God knows, I am not suggesting that people should experience any less enjoyment in life, but God also knows that success is the mother of pleasure, and that if you fail too often your capacity for pleasure will be seriously undermined.

All of this to introduce an article entitled "My Lazy American Students" by Professor Kara Miller. Link here.

Miller has had the enviable opportunity to teach college-level students from all over the world. She reports that American students are markedly less diligent, less assiduous, less focused, and less hard-working than students from the rest of the world.

Today's American college students are leading the world in sloth! They have no concept of getting their work in on time or of concentrating on the tasks at hand.

Miller judges her American charges to be more creative than their Asian and Latin American counterparts, but what use is their creativity when they are constantly falling behind on their assignments and are barely prepared for class.

Miller's conclusion echoes one that I have been arguing for some time now.
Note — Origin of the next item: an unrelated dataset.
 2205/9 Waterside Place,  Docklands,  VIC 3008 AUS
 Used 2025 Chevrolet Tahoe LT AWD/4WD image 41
If you believe that America's future lies in its youth, and if you believe that hard work, and only hard work, can dig us out of the financial hole we have gotten ourselves into, then there is little cause for optimism.

Apparently, students the world over understand that the world is a highly competitive place and that consistent success will only come to those who work hard and who follow the simple precepts of the Protestant Work Ethic.

Only American students are thoroughly clueless about this concept, and its practice.